Read more sqlite.org/pragma.html
October 3rd 19 at 03:57
Thank you in advance for given solutions. Will test them and update my results.
October 3rd 19 at 03:59
Ways of storing and reading large volumes of data
This is exactly what developed and the DBMS, and that they should be used.
The only thing acceptable at the moment the method of storing data and chose the XML file
It is unclear, where does all the XML. The standard was developed to standardize formats for the exchange of information, with a bias in chelovechnosti, therefore redundant, resource-intensive and is not suitable for optimal data storage. Even if you have decided to reinvent the wheel, XML is perhaps the worst of all possible options. Then drain all in a delimited file and write your own mechanisms of preservation and sampling. Will work faster than XML, and resources will require many times less. That XML, delimited files, anything — if you don't use a DBMS for "storing and retrieving large amounts of data", then with 90% probability we can assume that you are doing something wrong (unless you're Google, of course).
And the server load such treatments, as I work with it about 150 devices with this app. Imagine how much he will have a day to do these in batches of insert queries, if for every 10-30 thousand and 3-5 times a day
Most modern DBMS being installed on a average modern server can easily swallow a couple of million inserts a day. Yes there is a day, the day before yesterday I Oracle for an hour worked 15 million inserts into a table with three dozen fields, and in the test environment.
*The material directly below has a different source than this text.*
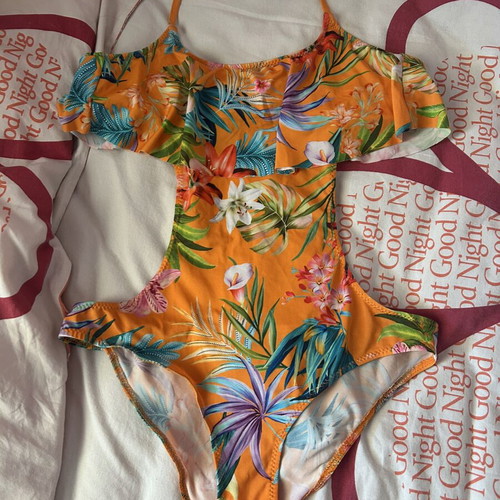 Girls' swimwear set used, 4 pieces with hat, age 8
on the tablet...... 10-30 thousand and 3-5 times a day
If it's a tablet, then the data generated by the user and not some automated sensor. The question here is, what is it such can generate the user? Maybe you should reconsider the architecture of your application? Or to normalize the data to be stored? I was just just in case you ask, and then who knows... because you Have a competent architect on the project, Yes?
October 3rd 19 at 04:01
SQLite needs without tension, insert 20-30 thousand records. Don't remember the exact numbers, but to add a million records, it took me about ten seconds — minutes (though on the desktop, not on tablet). Depends on the structure of the database, etc., but — as written above — prepared statement + all the add in one transaction. You can then discuss specific numbers — how much time is spent, and how much should be.

One more thing — what fields need to search, and what not. Was experience to the table wrote a few fields (not even so for every "main" entry was added a few records in the secondary table), but was written/shall be deducted the object with all its economy as a whole. In the end, left several indexed fields on which queries are built, and all the rest hidden in the BLOB. The difference — on the order.